Were they aware they were recording blues tides?
Absolutely! And so this period of musicians listening to other musicians' records was rather brief. The record industry almost died during the Depression because of the rise of radio and the cost of records. So radio was free and it's definitely my contention that radio is the beginning of the destruction of regionalism. I mean, records sort of began it, but radio really killed it, because a blues record from 1929, you can identify the town, practically the street address, of where the artist came from. But by 1935 everybody sounded like Tampa Red and Big Bill [Broonzy], and a lot of individualism kinda got lost. The end point of that, of course, is people in rural villages in India knowing who Madonna is!

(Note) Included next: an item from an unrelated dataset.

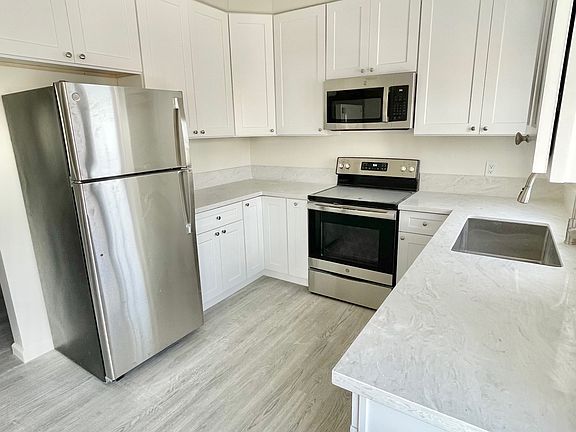 3rd image of 1361 Grand Ave #12
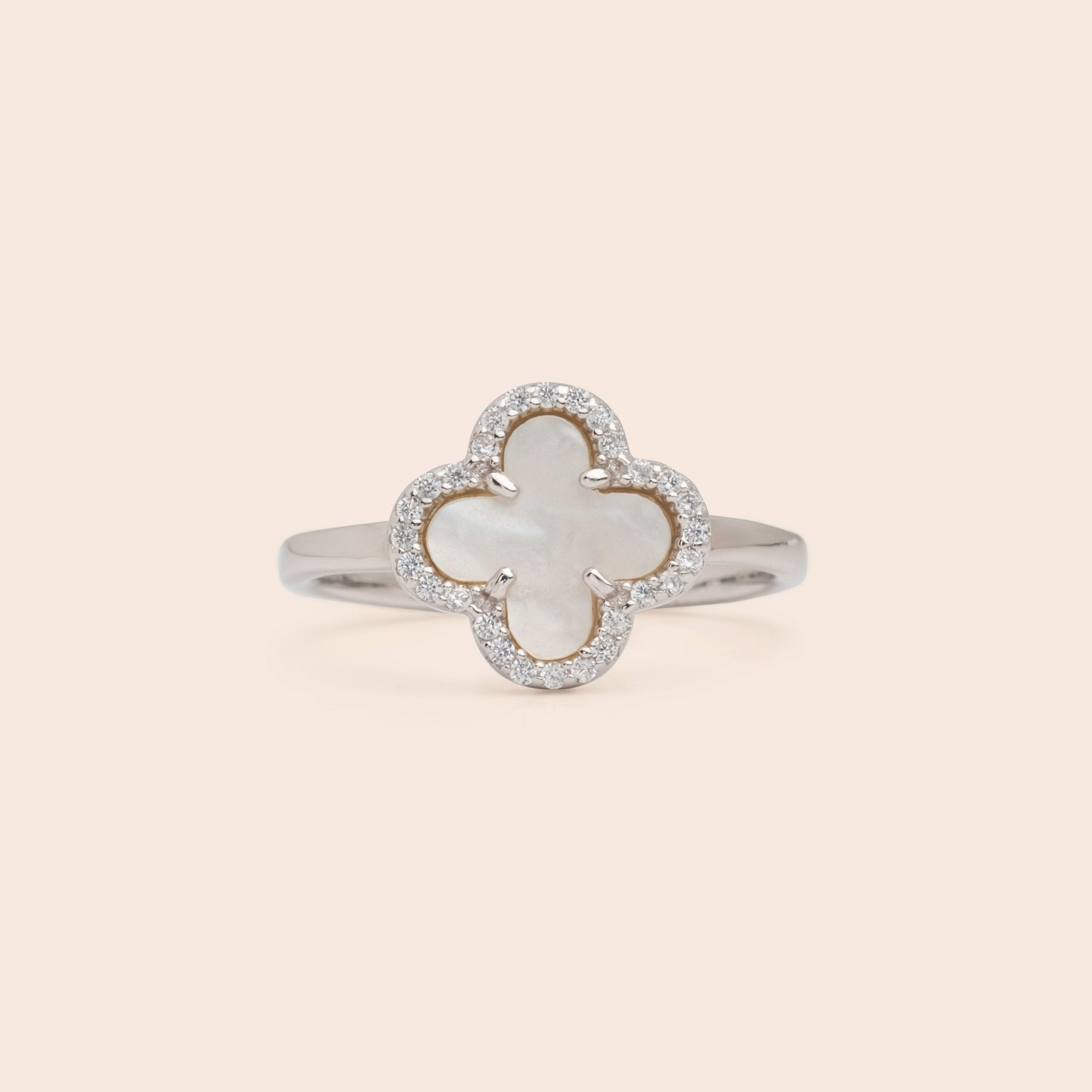 Big White Clover Ring - Gemlet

From your tone, it would appear you think that that's regrettable.
I do. The destruction of regional culture ... let's just take African music, for example. Even as late as the 1970s the different countries were readily identifiable but thanks to a combination of the Western drum set, synthesizers and producers in London and Paris, African music's all starting to blend together into one kind of generic, world beat music. I think in 200 years everybody will just sort of be listening to a 120bpm drum machine and nothing else!

Surely our humanity will still find some means of expression?
Well, there are pockets, yeah, absolutely. But, I mean, who am I to say? I make CDs and I hope to sell lots and lots of 'em. I'm not a Luddite. I'm not anti-technology.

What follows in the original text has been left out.